__PROBLEM TO WORK ON__
Output the listing below verbatim, but drop the images.

__INFORMATION SHOWN__
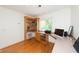 Bright office space with built-in corner desk and wood shelving at 3064 Marshgate Dr, Seabrook Island, SC 29455
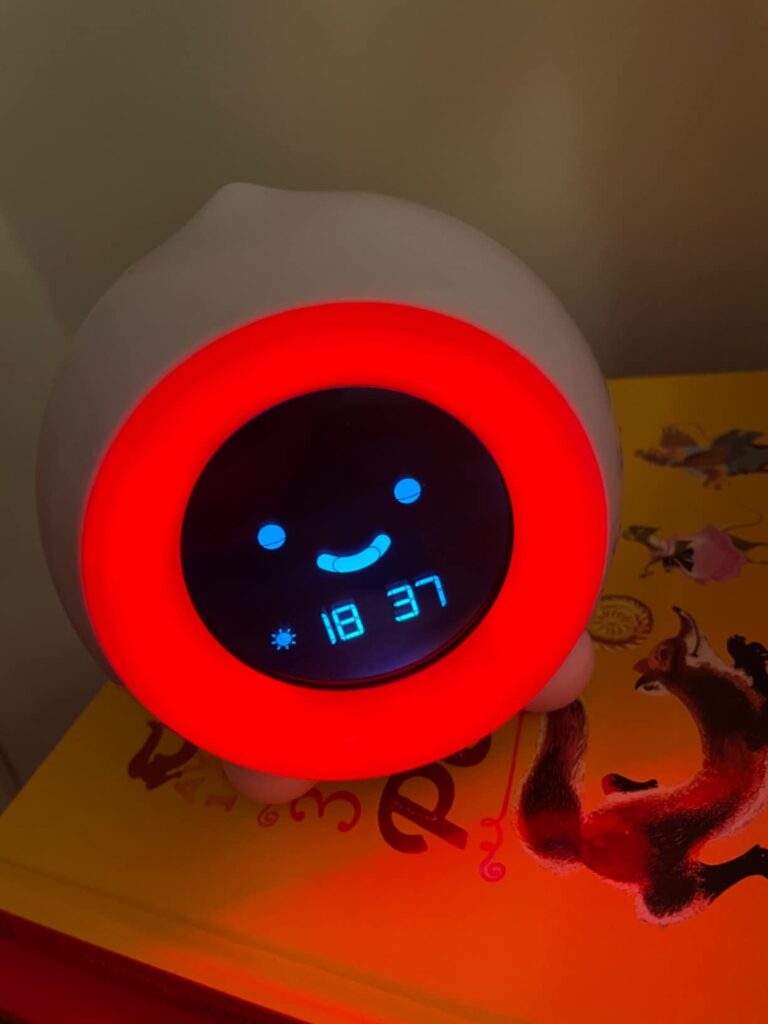 Le réveil posé sur un livre, l'anneau lumineux est rouge et l'heure est 18:37.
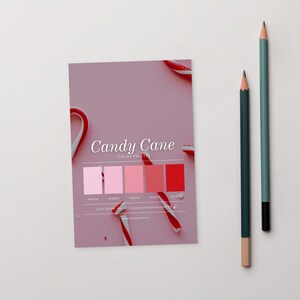 May include: A pink color palette card with the words "Candy Cane" and a color scheme of pink and red hues. Two pencils, one green and one teal, are positioned to the right of the card. Candy canes are scattered around the card.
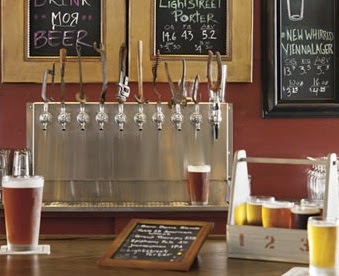 bar with glass of beer, wood framed chalkboard menu, wooden tray with beer flight on counter, 11 stainless beer taps behind on 2-toned brown wall with framed chalkboard signs above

__EXERCISE RESPONSE__
 Bright office space with built-in corner desk and wood shelving at 3064 Marshgate Dr, Seabrook Island, SC 29455
 Le réveil posé sur un livre, l'anneau lumineux est rouge et l'heure est 18:37.
 May include: A pink color palette card with the words "Candy Cane" and a color scheme of pink and red hues. Two pencils, one green and one teal, are positioned to the right of the card. Candy canes are scattered around the card.
 bar with glass of beer, wood framed chalkboard menu, wooden tray with beer flight on counter, 11 stainless beer taps behind on 2-toned brown wall with framed chalkboard signs above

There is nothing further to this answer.